Na Assembleia, os debates políticos em torno do tema ainda não começaram. Todavia, as projeções apontam que o governo não deve ter dificuldades em obter os 28 votos necessários para aprovar o PLC. Com vigência de 10 anos, o teto é considerado pelo Piratini o corolário da política de reformas e ajuste fiscal conduzida nos últimos anos.
— O projeto se soma às reformas aprovadas. Colocamos em dia as antigas dívidas de curto prazo junto a servidores e fornecedores, mas é importante manter uma disciplina fiscal para frente. O Estado precisa construir superávit primário sustentável, caso contrário jamais conseguirá pagar a dívida com a União sem comprometer os demais pagamentos. O teto não se dá a cada despesa individual, e sim no conjunto geral do Estado, além de preservar gastos acima da inflação para educação e saúde caso a receita tributária também cresça acima da inflação — sustenta Cardoso.
Para o líder do maior partido de oposição na Assembleia, deputado Pepe Vargas (PT), a adoção do teto prioriza a austeridade fiscal em detrimento do crescimento econômico. Pepe afirma que o Piratini deveria buscar outras medidas, como uma renegociação da dívida como alternativa à adesão ao RRF.

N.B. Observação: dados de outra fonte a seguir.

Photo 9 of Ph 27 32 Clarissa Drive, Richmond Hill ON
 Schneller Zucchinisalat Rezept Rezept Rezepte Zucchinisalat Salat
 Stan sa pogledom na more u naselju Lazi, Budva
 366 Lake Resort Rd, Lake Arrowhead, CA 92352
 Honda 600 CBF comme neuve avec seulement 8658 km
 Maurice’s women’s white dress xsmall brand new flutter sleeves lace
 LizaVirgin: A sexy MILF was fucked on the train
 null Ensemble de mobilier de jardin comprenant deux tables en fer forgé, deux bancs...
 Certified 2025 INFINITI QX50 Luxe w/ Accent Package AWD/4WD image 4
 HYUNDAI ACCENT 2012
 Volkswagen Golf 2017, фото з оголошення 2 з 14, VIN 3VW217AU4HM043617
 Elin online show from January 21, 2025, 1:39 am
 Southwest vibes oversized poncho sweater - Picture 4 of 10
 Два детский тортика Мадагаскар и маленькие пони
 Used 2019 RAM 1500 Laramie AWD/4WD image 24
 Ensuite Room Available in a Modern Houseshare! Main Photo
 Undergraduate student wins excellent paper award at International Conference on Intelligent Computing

— Vamos votar contra. Nenhum país mais pratica essa austeridade brutal. Óbvio que precisamos de metas fiscais, mas não se sacrifica investimentos, porque o resultado pode ser inverso. É um mito que não funciona. O Estado deveria abrir um debate federativo sobre a dívida, que era de R$ 9 bilhões, pagamos R$ 37 bilhões e devemos R$ 70 bilhões. A União não pode ter lucro financeiro em cima dos Estados. A adesão ao regime de recuperação fiscal dá uma folga, mas o Estado perde a autonomia. O governador vai ser um capataz aplicando políticas definidas por um comitê — critica Pepe.